WHEN HE takes office, President-elect Joe Biden will inherit a ragged and stumbling vaccine rollout. Mr. Biden understands the gravity of this crisis and has a solid proposal to speed up vaccination and bolster the creaky U.S. public health system. But hanging over it all is the question of whether Mr. Biden’s package can be executed fast enough to brake the out-of-control pandemic.

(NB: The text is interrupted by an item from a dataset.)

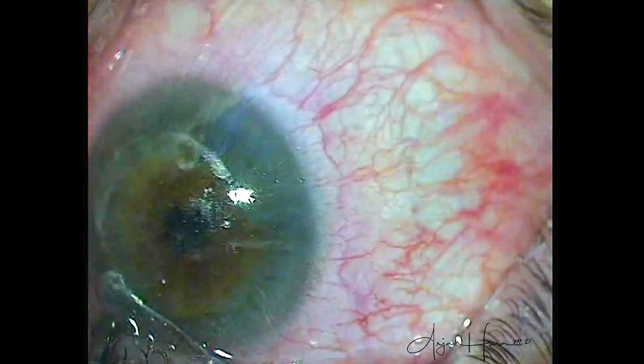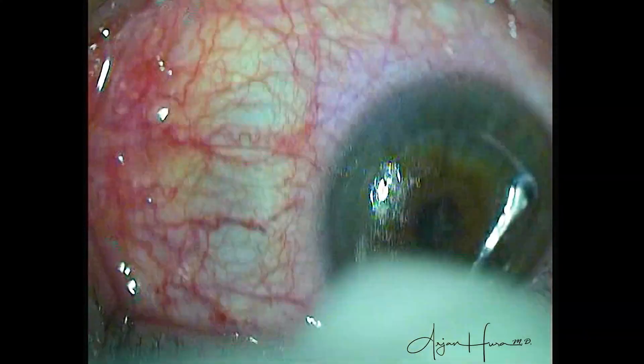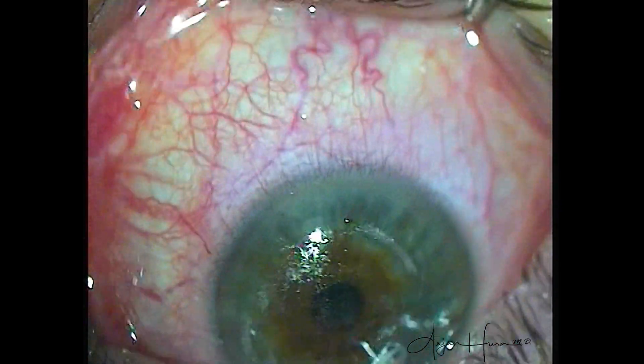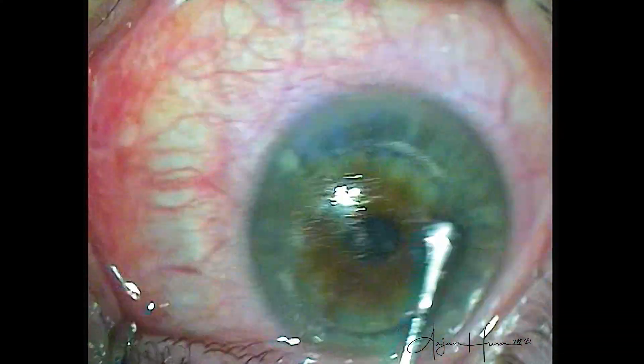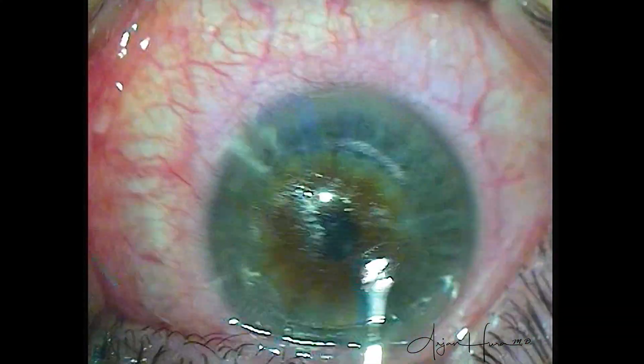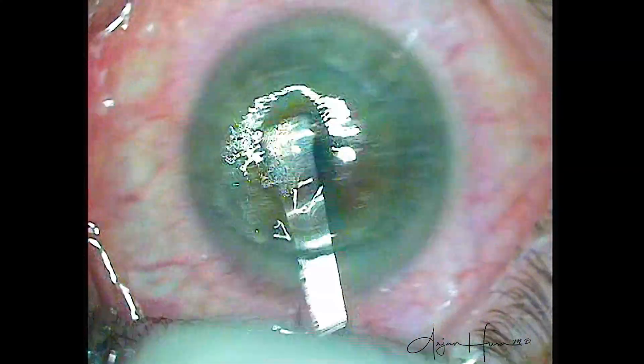But in the case of SMILE, you're dealing with a pocket — there is no flap you can lift to easily wash away the red blood cells. If you irrigate the pocket out at the slit lamp, you're working against gravity, and the SMILE incision at the superior cornea is often covered by the upper eyelid. It can certainly be done at the slit lamp, but ergonomically it's just easier to take care of underneath the Visamax laser.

President Trump’s calamitous handling of the covid-19 response presents Mr. Biden with awful headaches. The virus is running rampant, and variants that are more contagious are certain to accelerate that. The Trump administration wisely purchased hundreds of millions of vaccine doses but then turned over the task of administering them to the states and localities, which are overstretched and underfunded. So far, 31 million doses have been distributed, but only 12 million shots given. The daily vaccination rate is climbing but needs to be much greater for Mr. Biden to meet his goal of 100 million inoculations in his first 100 days.
Mr. Biden’s proposed $20 billion vaccination program includes creation of community vaccination centers, possibly run by the Federal Emergency Management Agency with help from the National Guard, and mobile vaccination clinics for hard-to-reach areas. He has proposed to fund the hiring of 100,000 public health workers to assist with vaccination and contact tracing, and later on work in local public health jobs. All this is logical, but how quickly can it be done? If Congress takes a month to act and more time is required to stand up new vaccination centers, the delays will be costly. The plan to boost staffing has merit, but where will these people come from? How long will it take to get the funds, hire workers and train them?

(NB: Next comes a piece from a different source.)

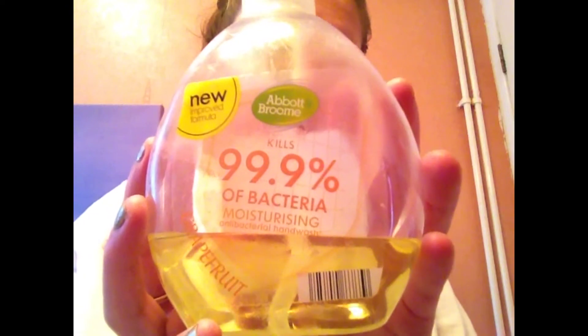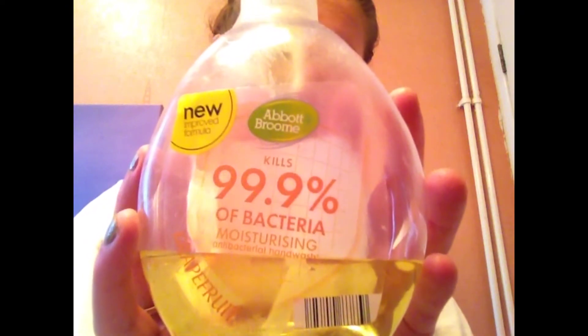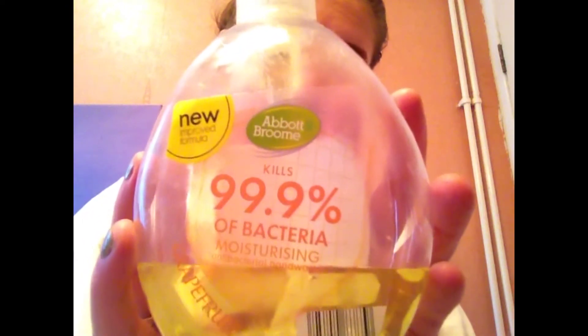I take 99.9% bacteria hand wash or face wash. This will kill all of the bacteria and I just blend this on my face to make my face clean and get all the bacteria gone.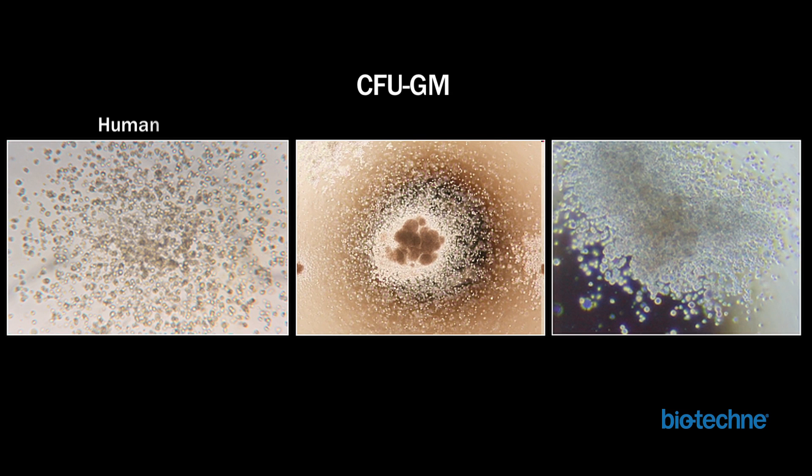CFU-GM colonies, which consist of both macrophages and granulocytes, have a composition of CFU-G and CFU-M morphologies. Human and mouse CFU-GM colonies typically have a compact center of smaller granulocyte colonies and a loosely packed periphery containing large macrophage cells. To accurately identify these colonies, it is important to view the cell cluster across multiple focal planes. CFU-GM colonies can be easily mistaken for CFU-M or CFU-G colonies when viewed in a single focal plane, which may make the small cells in the compact center appear large like macrophage cells, or larger macrophages appear like smaller granulocytes.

The pandemic is claiming about 4,000 American lives every day. Mr. Biden’s good ideas must be executed with the urgency of a fire brigade responding to a house in flames.
Mr. Biden also correctly proposes to scale up diagnostic testing, one of the notable disasters of the Trump presidency, as well as address vulnerable groups and populations, and remedy the persistent shortages of personal protective equipment. He would fund a national disease surveillance capacity that would allow monitoring of the evolving virus by whole genome sequencing, as is done in Britain. The pandemic has made it starkly clear that investing in virus early warning is every bit as important as ballistic missile early warning.

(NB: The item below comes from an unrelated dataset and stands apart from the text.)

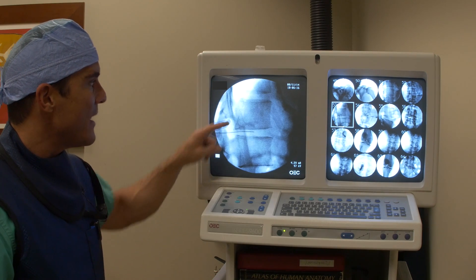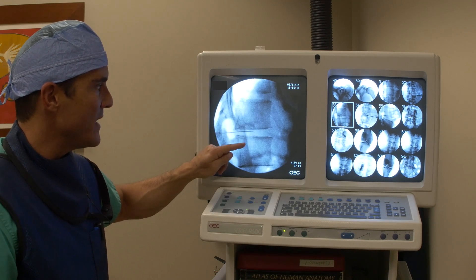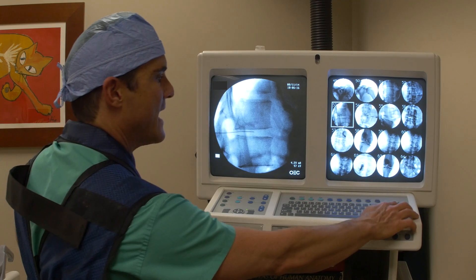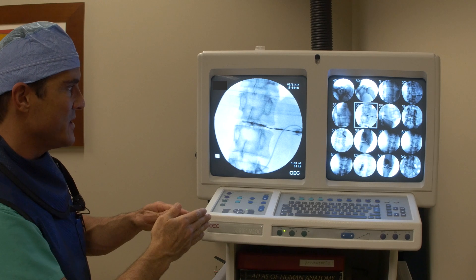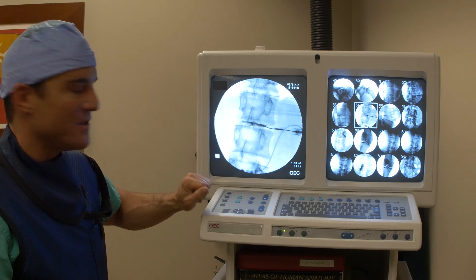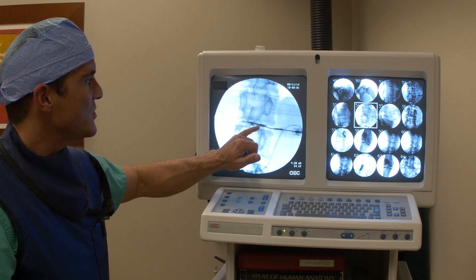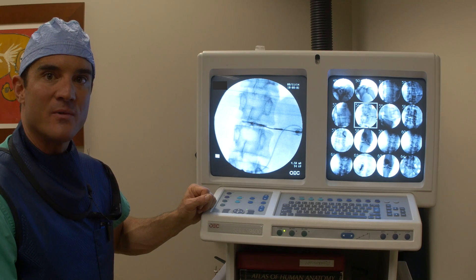Here we're looking at an L3-L4 lumbar injection — we're injecting into the L3-L4 intervertebral disc. You can see the needle in position, but there's really no way to know that it's exactly in the disc until we look at it from another angle. Now looking anterior to posterior, straight on, we can see the needle tip is exactly in the middle. I inject a little contrast, which is ionized iodine — very safe, it's been used forever — and we're able to see the shape of the disc. Then I would follow this with stem cells.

Another worry is vaccine supply. As The Post’s Carolyn Y. Johnson reports, there are risks in the coming months that not every manufacturing facility can be running perfectly at full speed 24 hours a day. The administration must be rigorous in monitoring the factories and helping industry avoid disruption and acquire raw materials.
As vaccination eligibility widens, tens of millions more people will be ready and eager to get the vaccine. Mr. Biden’s program recognizes the myriad difficulties. It will take a full-court press from Congress and a nascent administration to solve them.